The discovery comes from observations by a small but sophisticated telescope at the South Pole dedicated to a project known as the Background Imaging of Cosmic Extragalactic Polarization (BICEP). Just like visible light and other kinds of electromagnetic radiation, a cosmic microwave’s electric and magnetic fields could be oscillating along any of an infinite number of orientations. The telescope used by the BICEP researchers is designed to map the orientation—or polarization—of the CMB as it varies in different parts of the sky. In data taken from a small patch of the sky between January 2010 and December 2012, the researchers found a random pattern of faint pinwheel-like swirls in the CMB. Such swirls, called B modes, are the hallmark of gravitational waves in the primordial universe and—many cosmologists say—are the smoking gun for inflation.

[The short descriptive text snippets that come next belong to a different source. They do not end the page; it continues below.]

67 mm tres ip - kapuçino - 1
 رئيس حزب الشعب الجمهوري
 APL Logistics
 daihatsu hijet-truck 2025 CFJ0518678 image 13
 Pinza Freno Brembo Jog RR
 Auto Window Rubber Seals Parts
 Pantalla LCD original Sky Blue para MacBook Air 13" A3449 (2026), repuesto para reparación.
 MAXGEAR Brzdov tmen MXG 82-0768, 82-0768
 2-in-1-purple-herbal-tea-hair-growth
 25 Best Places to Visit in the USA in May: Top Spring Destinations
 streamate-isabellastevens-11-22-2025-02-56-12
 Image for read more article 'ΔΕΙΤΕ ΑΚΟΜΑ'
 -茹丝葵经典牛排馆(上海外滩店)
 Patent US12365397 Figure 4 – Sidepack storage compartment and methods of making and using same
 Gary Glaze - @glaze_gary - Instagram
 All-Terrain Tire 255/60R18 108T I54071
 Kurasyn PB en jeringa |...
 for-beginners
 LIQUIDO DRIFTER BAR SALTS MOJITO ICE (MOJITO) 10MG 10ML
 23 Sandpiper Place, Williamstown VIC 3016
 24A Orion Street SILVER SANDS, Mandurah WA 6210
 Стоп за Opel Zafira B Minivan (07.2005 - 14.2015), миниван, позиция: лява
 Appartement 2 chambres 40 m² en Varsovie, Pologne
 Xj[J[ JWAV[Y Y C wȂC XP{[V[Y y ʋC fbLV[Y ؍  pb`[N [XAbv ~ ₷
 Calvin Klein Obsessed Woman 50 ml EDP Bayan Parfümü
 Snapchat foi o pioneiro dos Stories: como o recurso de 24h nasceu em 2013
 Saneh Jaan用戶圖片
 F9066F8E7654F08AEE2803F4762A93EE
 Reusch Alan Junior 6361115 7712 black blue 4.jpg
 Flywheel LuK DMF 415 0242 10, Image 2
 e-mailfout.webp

“We believe that gravitational waves could be the only way to introduce this B-mode pattern,” says John Kovac, a cosmologist at Harvard and one of the four principal investigators of BICEP.
If confirmed, this is an amazing achievement. It is also a return to the fruitful interplay of mathematical theorizing and precisely measured experiment that was the hallmark of physics during its great run, from Galileo to the 1970s. Of late theorists have mainly been predicting things that nobody can figure out how to measure, so it is great to see the old synergy working again.